I didn't endorse a candidate (or vote) in this election.

CORRECTION: Sorry I had Butler's first name as Michael overnight. The perils of posting at 1 a.m.

UPDATE: President Obama has nominated Louis Butler to be a district judge here in the Western District of Wisconsin.

22 comments:

NonVoxPop said...

Michael Butler? Liberals enjoyed a 5-4 majority? I'm missing something, aren't I.

Michael The Magnificent said...

Damn, and here I was hoping to file a lawsuit against Burger King because McDonalds probably served somebody coffee that was too hot.

Whiskey Bottle said...

So, that's it, then? A pretty seriously lopsided WSJ account, and that about sums it up?

Good heavens, I might've thought Gabelman's puppet-style talking points and intellectual vacuity might've rubbed you the wrong way. At the very least, as a member of the bar, perhaps you would have been offended by his smearing of all defense attorneys and any notions that the state should have a higher burden of proof than shitting on a brief and handing it in. (I mean lord knows, in his brief stint as DA in Ashland Co., he had to have been a real ballbuster.)
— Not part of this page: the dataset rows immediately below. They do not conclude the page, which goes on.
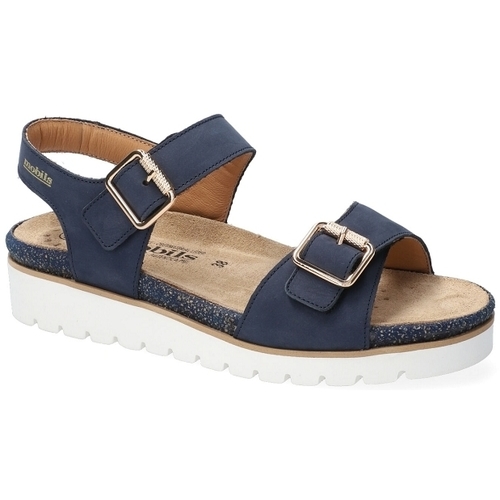 Mobils TARINA Azul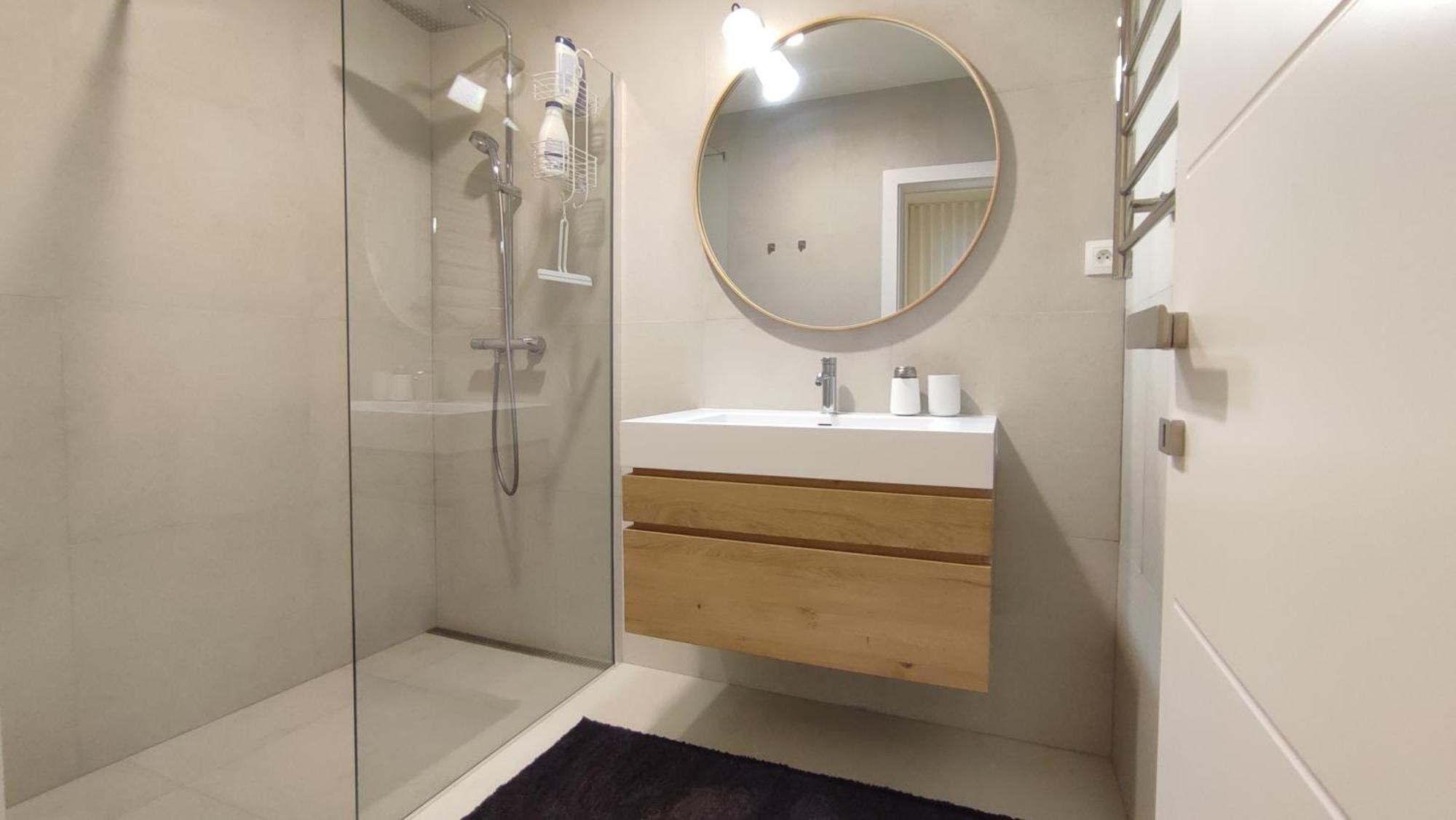 Bratislava Oldtown Apartment 130M2 ,60M2 Terrace And 2 Bathrooms المظهر الخارجي الصورة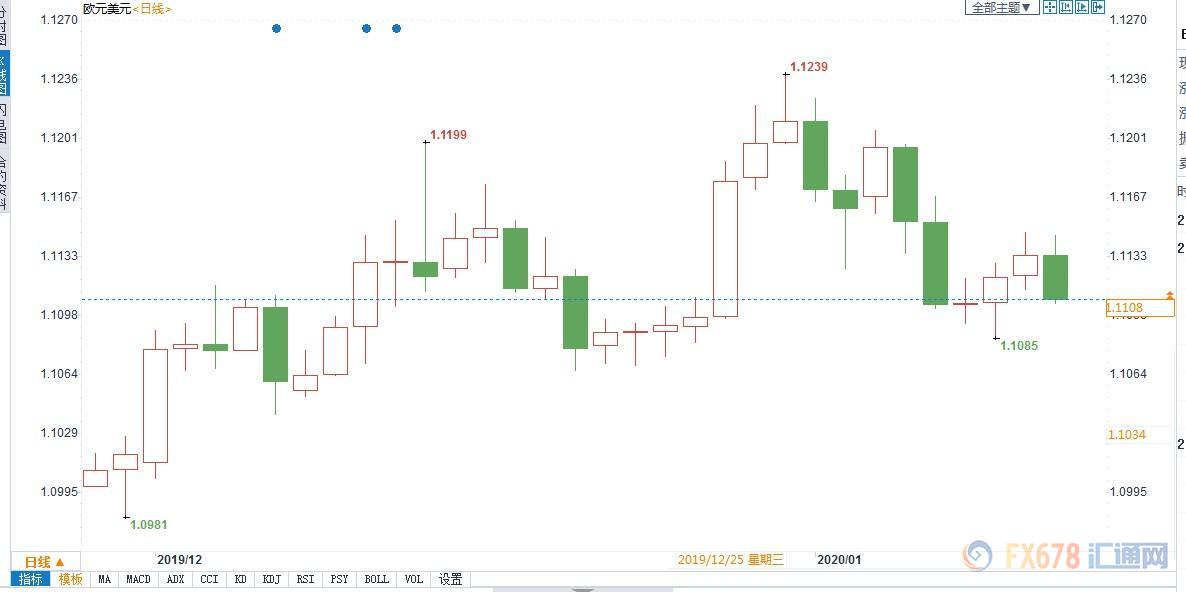 魂斗罗黄金ak怎么获得(魂斗罗归来黄金m4a1和黄金AK怎么样)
I am no fan of Justice Butler per se, nor WEAC's ads, but I really really despise WMC hacks like this clown who exist for no other reason than to parrot the company line. Little did I know if I had slurped the right set of balls in law school, that I too could be a Supreme Court jurist with at best nominal credentials. (Sorry, Burnett Co.)

I campaigned for Brunner, but Roggensack is at least intelligent and engaging. I worked against Sykes, and thought her promotion odd, but again, at least she had something to bring to the table. No disrespect there.

But Gableman. Gableman! Christ.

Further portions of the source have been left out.